Desconfiar de verdades “masticadas”
Cuando era
chico, los libros que hablaban del Sistema Solar incluían a Plutón como un
planeta más. Nadie parecía ponerlo en duda. Años después, con asombro, comprobé
que ya no era considerado un planeta, y que lo quitaron de los mapas
espaciales. Evidencias que de pronto, no son tan evidentes.
Aún hoy hay quienes
sostienen que la Tierra no es una esfera sino un disco. Y son científicos… En ciertos asuntos al ser humano promedio se
le suele entregar una verdad “masticada” y cómo pocos la cuestionan, queda allí,
vigente por años y años… Hasta que llega una nueva camada de especialistas y
pone en jaque la evidencia anterior. Son apenas un par de ejemplos. Lo que hoy
la ciencia señala como verdad absoluta, mañana puede no serlo.
Desde hace
unas décadas, ganaron popularidad teorías que afirman que el hombre desciende
del mono, que todos los seres vivos nacieron de una célula, que el Universo
empezó con una gran explosión y que la vida se formó por azar.

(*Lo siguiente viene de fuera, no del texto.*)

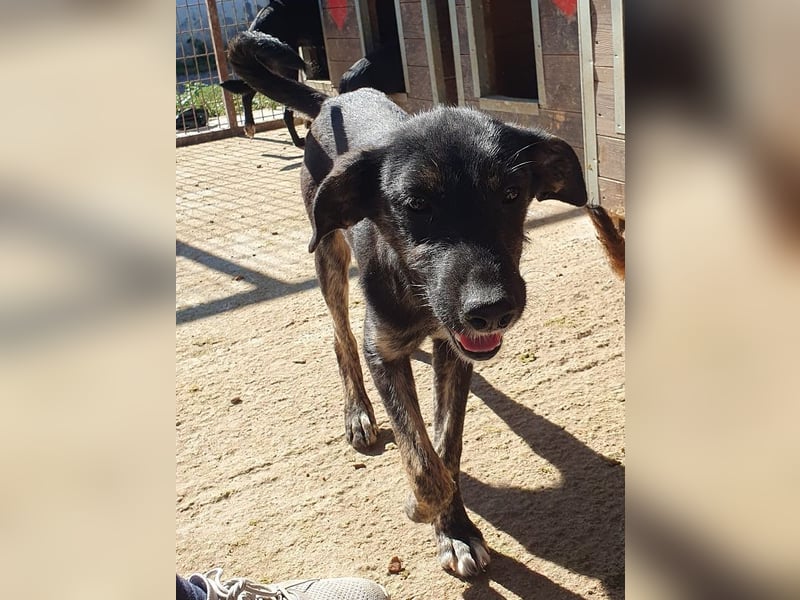 ♥GINGER♥ verspielte, sportliche, leider zu dünne, tolle Junghündin voller Lebenslust - mittelgroß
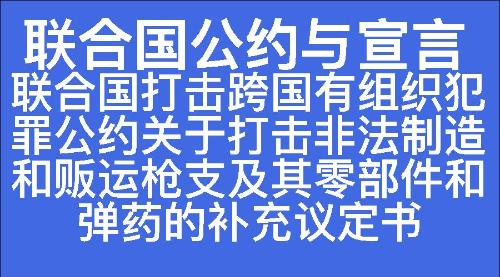 联合国打击跨国有组织犯罪公约关于打击非法制造和贩运枪支及其零部件和弹药的补充议定书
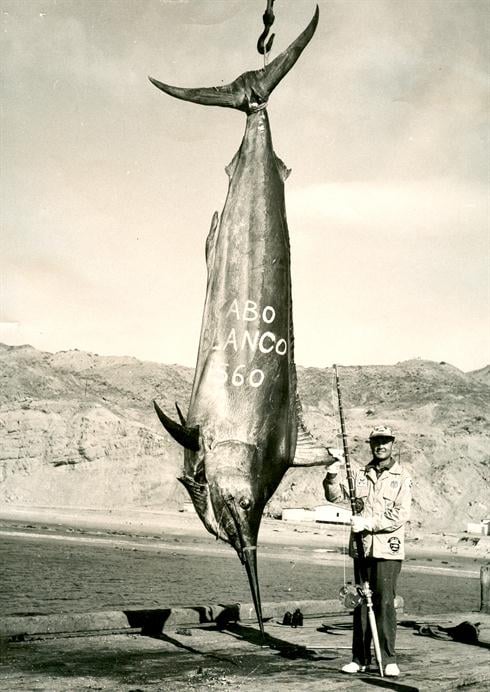 a 1560 lb IGFA World Record Black Marlin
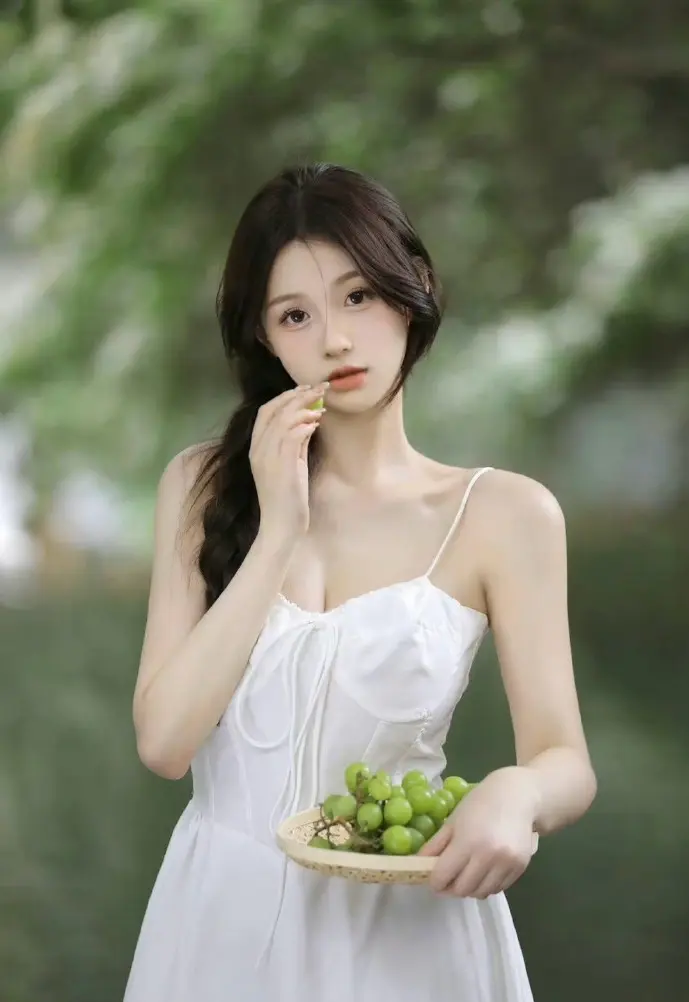 VSS技术原理示意图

Esto no ha sido demostrado
jamás, pero así y todo, se enseña en colegios y se divulga en diferentes
ámbitos, haciendo que chicos y grandes vayan
por la vida con la idea de que, efectivamente, todo es cierto.
Son comunes
los dibujos y videos, donde se ve a un mono que de a poco se yergue hasta
convertirse en hombre. En lo personal, así como a mucha gente, me resultaba más
cómodo creer que ese fue el origen de la raza humana. Sin embargo, hoy sé que son
todas hipótesis, cuestionadas y refutadas dentro de la misma comunidad
científica.
El hombre falla.
Por más inteligente o instruido que sea, ¿cómo podrá evitar equivocarse? Por
eso, en vez de teorías humanas, hoy elijo confiar en el Creador que todo diseñó
con infinita sabiduría. Desde luego, no hay evidencia científica de ello. Pero
si la hubiera, qué fácil sería creer. Lo realmente maravilloso, y lo que Dios
mismo nos pide, es hacerlo por la fe. No una fe ciega, sino fundamentada, en mi
caso, por los hechos concretos que viví desde que lo dejé entrar a mi corazón.
Un sustento
bíblico:
“He aquí, yo
estoy a la puerta y llamo; si alguno oye mi voz y abre la puerta, entraré a él,
y cenaré con él, y él conmigo”. (Apocalipsis 3:20).